Why does the soil in the garden turn green and how to deal with it. Why is the soil covered with moss and what to do about it


Air does not circulate

There is a fence around the perimeter of the dacha area, trees or shrubs are densely planted - factors that reduce ventilation. In a greenhouse, the effect is multiplied if you do not ventilate it periodically. This leads to water retention and the soil turns green. It’s not uncommon for summer residents to disrupt soil aeration themselves. Regular walking compacts the soil. In such soil, air circulation and moisture absorption into deeper layers are disrupted. Violation of the structure leads to stagnation of water and the appearance of a green coating on the surface. The density of the soil can only be restored by loosening and digging, and you can add sand or black soil to give it airiness.

Basic methods of struggle

There are several methods with greening:

  1. Replacing the top layer;
  2. Reducing soil acidity levels;
  3. Mulching;
  4. Rational crop rotation in a greenhouse.

Replacing the top layer


Replacing soil will require a lot of effort and time

Complete or partial replacement of soil in a greenhouse is the most radical way to combat greening. This is quite a costly event both in terms of time and effort.

It should be used if all other methods have not been effective. Such soil replacement should be carried out either in the fall, after there are no plants left in the greenhouse or greenhouse, or in the spring, before planting seedlings.

How to replace soil:

  • remove the top layer of soil, at least 0.3 m thick ;
  • treat the remaining surface with quicklime;
  • After about a day, the lime must be quenched with ordinary water;
  • the entire surface of the soil on which the lime was slaked must be very carefully whitened;
  • leave the soil in a whitewashed state for two to three days;
  • After the soil has completely dried, a new, fresh one is brought in and laid.

Reducing soil acidity levels

Before you start reducing the acidity level of the soil, it is important to find out what the acidity level of the soil in your greenhouse is. This can be done either with special devices or using improvised means.

  • Agrochemical laboratory . If you have the desire, time, free finances and energy, then you can submit a soil sample for analysis to a special laboratory, which will determine the acidity of your soil with an accuracy of thousandths.
  • Litmus paper . Sold in many seed stores, pharmacies or stores specializing in the sale of chemical reagents.
  • Soil meter . A fairly inexpensive device that can be purchased at specialized garden centers and stores. They can determine not only acidity, but also humidity, temperature, and illumination of the soil.

Litmus paper

  • Alyamovsky's device . This is a kit that includes instructions, chemical reagents, test tubes, sample paint scales and a universal indicator.
  • Currant or cherry leaves . You need to brew a few currant or cherry leaves in boiling water in a glass container. After the water in the vessel has cooled, you need to throw in a pinch of earth. If the soil is acidic, the solution will turn red, if it is neutral, it will turn green, and if it is slightly acidic, it will turn blue.

From practice: take a close look at the plants and weeds growing near the greenhouse and in it itself.

If sorrel, fireweed, plantain, nettle, sorrel, horsetail and heather feel good, then the soil is acidified. The presence of wheatgrass, coltsfoot, and clover indicate slightly acidic soil.

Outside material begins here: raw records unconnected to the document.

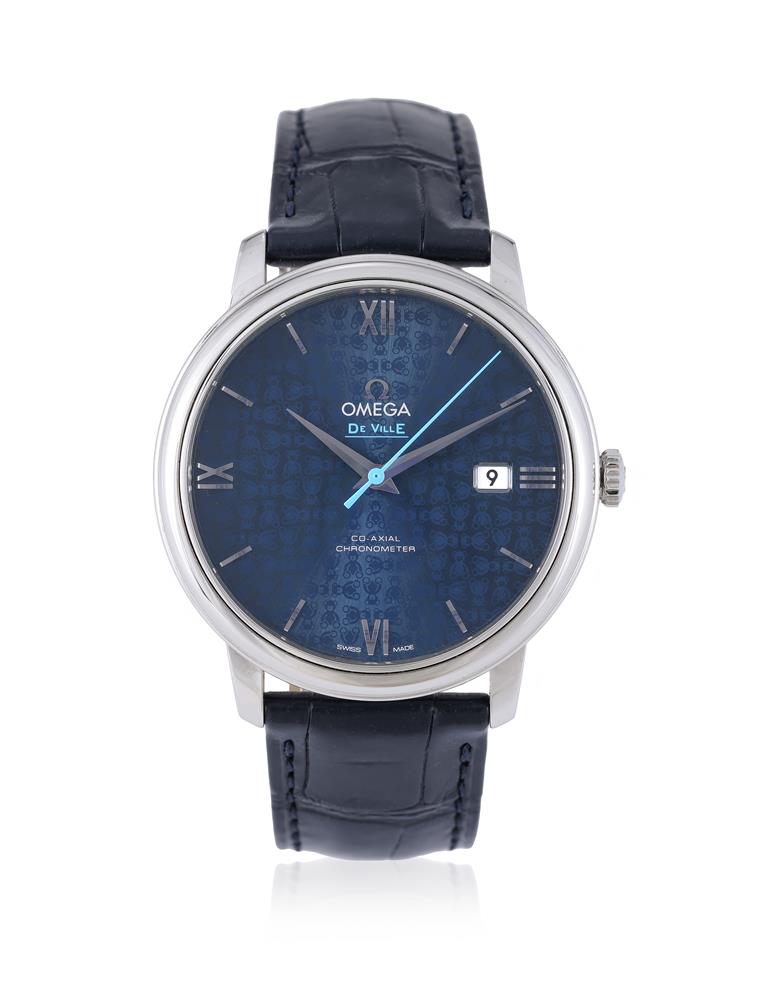 Y OMEGA, DE VILLE PRESTIGE ORBIS, REF. 424.13.40.20.03.003, A STAINLESS STEEL WRISTWATCH WITH DATE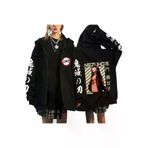 Tarzsokak Manga Baskılı Fermuarlı Sweatshirt Demon Slayer Mod.23 14550 Tarzsokaksweatiz-20586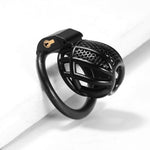 Male Chastity Cage Sissy Flat Chastity Cage For Men Small Cock Cage Plastic Chastity Devices Male Chastity Cage Penis Cage Bdsm Cage (Black)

If you have determined by any method that the soil in the greenhouse is acidic, you need to take measures to correct its condition.

Good deoxidizers are:

  • fluff (slaked lime);
  • lime flour;
  • peat or wood ash;
  • dolomite flour;
  • lake lime (dry drywall);
  • ground chalk

You can also use green manure plants that reduce soil acidity, such as:

  • oats;
  • rye;
  • lupine;
  • Vika;
  • phacelia.

All of the above methods for reducing soil acidity can be used in combination. For example, add dolomite flour or ash, fertilize the soil with rotted mullein and mulch the top with grass or sawdust (see Biofuels for greenhouses and greenhouses - types and applications). Before mulching, you can water the soil with any preparation containing living microorganisms.

Leave everything alone for 5-7 days

Mulching the soil

Mulching the soil

It is necessary both to maintain an optimal level of humidity, both soil and air humidity. In addition, the mulch left in the greenhouse after harvesting, having rotted over the winter, will enrich the soil with various mineral elements.

You can mulch with grass, sawdust, straw, hay, tree bark, and compost. You should not mulch with conifer needles on acidic soils, as this can cause even greater acidification.

When mulching, you must follow a number of rules:

  1. Only well-watered soil can be mulched.
  2. After watering, it is necessary to thoroughly loosen the top layer of soil around the plants and in the beds, and only after that lay the mulch.
  3. There must be a small distance between the mulch and the plant stem for normal air circulation.

Excess phosphorus in the soil

Phosphorus fertilizers are beneficial for plants. They increase the resistance of crops, increase productivity and improve taste. It is worth remembering that mosses, lichens and algae love to settle on fertile soils. And if there is an excess of phosphorus in the ground, then they will become permanent residents of the beds and begin active reproduction.

It is recommended to carefully study the methods of application and dosage of fertilizers, and also to know which crops need the mineral and in what quantity.

First actions ↑

So, you found moss in the beds and the question arose how to get rid of it. Once green soil is detected, the following actions should be taken.

  1. Significantly reduce watering or even stop it completely for a while.
  2. Determine what exactly makes the ground green: moss or algae. If it is moss, then it is necessary to increase the access of light to the room, since they love darkness. If it is algae, then it is necessary to block their access to light. To do this, sprinkle the ground with a layer of sand on top. In both cases, it is advisable to remove the contaminated layer.
  3. Increase ventilation.
  4. If these procedures do not help, move on to the “heavy artillery”.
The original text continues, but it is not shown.